Hi,
I think it is worth taking time over this.
If you read the following paper:
http://users.cms.caltech.edu/~adamw/papers/openvsclosed.pdf
And other books on the subject
they typically describe 2 or 3 types of workload model :
open, partly open and closed workloads
I don’t have any numbers but my guess is that most systems under test for tools like these have open or partly open workloads. the paper above out of 10 sites found only 2 were definitely closed (clearly not a large enough sample!! but it would appear to be reasonable).
It turns out that a lot of popular load tools like JMeter, The Grinder, Load runner, without standard tweaks, model closed systems - there is a virtual user (implemented as a thread) that loops around starts a new session each iteration.
Others like httperf model open workloads.
And Gatling is capable of modelling all three.
To convert a tool that can only model a closed workload into one that can model open or partly open, the other tools mostly add a feature called pacing to enforce a constant start (arrival) rate for the looping users.
This works well if you get the pacing right, but from my own experience it can be very difficult to get right if you want an accurate test in a highly variable environment like (retail) web sites.
If you set the pacing too high then you have to create more threads than necessary which could cause the load generator scheduling issues, or needing more generator servers.
If you set it too low then you risk running out of pacing time and delaying the start time of the next vuser. If session start times are delayed then problems like coordinated omission can occur.
If your (session duration / ramp time) ratio is too high the load can be uneven. Ie. if the start of the session is a login and the end a order confirmation then all the logins will happen at the same time, and some time later all the order confirmations happen at the same or similar times.
Similar to the previous point, if the start and therefore end times of the vuser sessions are uneven then load can be starved as vusers stop doing work as their sessions end and they wait for the pacing time to complete.
These problems can be avoided but I have seen them happen in highly experienced teams.
For Gatling testing open or partly open systems, pacing is not needed as it can already provide an arrival rate out of the box. What is not present is a guarantee of an inter-arrival time distribution.

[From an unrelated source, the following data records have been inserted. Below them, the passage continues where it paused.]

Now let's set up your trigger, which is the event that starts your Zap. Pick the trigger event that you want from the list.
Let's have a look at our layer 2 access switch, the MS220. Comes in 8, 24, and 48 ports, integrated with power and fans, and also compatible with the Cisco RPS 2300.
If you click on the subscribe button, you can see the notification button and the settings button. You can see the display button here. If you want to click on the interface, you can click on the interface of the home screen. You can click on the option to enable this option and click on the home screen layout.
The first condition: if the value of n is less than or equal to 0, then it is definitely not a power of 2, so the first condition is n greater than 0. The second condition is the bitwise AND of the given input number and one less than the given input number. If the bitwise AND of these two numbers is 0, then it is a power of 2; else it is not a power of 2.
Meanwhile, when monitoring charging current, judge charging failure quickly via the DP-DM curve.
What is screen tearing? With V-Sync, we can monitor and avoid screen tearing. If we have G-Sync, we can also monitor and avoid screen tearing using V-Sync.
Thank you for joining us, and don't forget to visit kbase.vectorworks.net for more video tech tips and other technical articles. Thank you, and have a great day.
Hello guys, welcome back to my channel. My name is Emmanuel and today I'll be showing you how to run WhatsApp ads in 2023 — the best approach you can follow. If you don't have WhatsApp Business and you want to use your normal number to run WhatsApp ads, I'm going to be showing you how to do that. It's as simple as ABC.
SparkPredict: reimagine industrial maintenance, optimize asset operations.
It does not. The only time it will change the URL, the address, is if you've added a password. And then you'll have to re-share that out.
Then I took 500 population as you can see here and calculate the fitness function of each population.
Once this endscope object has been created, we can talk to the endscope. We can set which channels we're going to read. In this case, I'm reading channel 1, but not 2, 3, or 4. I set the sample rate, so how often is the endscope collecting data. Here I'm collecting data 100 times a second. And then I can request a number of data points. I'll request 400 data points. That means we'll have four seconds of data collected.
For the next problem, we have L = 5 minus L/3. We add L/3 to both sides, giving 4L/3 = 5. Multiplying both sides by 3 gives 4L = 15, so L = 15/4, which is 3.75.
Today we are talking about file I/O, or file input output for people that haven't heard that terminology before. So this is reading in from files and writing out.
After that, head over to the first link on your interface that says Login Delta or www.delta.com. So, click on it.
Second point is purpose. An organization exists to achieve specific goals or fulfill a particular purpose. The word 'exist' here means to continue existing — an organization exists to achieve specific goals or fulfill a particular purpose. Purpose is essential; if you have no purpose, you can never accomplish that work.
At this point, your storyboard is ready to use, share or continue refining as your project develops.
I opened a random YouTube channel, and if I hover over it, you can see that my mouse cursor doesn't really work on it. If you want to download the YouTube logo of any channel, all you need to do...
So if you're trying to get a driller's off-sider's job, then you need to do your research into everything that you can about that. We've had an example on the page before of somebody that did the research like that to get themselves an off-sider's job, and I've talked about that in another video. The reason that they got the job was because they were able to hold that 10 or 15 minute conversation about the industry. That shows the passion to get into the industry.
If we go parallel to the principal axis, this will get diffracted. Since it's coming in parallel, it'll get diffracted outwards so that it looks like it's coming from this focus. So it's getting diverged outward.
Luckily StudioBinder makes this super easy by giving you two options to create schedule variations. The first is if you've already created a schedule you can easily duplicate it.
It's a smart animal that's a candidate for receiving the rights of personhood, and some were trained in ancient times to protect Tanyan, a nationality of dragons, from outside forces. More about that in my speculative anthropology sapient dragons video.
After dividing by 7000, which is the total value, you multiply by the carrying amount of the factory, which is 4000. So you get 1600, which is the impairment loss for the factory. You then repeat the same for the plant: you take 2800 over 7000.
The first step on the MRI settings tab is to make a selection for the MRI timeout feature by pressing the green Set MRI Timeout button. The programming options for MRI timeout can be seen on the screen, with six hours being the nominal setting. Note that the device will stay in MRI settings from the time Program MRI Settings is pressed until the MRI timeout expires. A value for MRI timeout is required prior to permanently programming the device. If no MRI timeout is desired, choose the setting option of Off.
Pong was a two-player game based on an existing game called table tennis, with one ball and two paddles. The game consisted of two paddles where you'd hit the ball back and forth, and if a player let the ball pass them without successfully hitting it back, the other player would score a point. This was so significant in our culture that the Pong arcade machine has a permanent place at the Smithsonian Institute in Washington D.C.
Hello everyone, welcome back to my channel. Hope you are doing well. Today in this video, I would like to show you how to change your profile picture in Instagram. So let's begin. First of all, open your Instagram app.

there is an exponential think time for inter- request time:
https://github.com/excilys/gatling/wiki/Structure-Elements#pause
So this needs to be provided to the injection rate so that we can get overlapping requests but with the right mean arrival rate.
If your system is closed then injecting the number of concurrent users and looping them with during is the way to model that closed system. A call center data entry system would be a good example - the call center operators loop round scenarios as they take different calls. If the data entry system slows down then the applied load backs off as they cannot proceed to steps in their workflows.
In terms of the DSL, for me the current approach is a breath of fresh open air which has a clear separation between a scenario and the test parameters.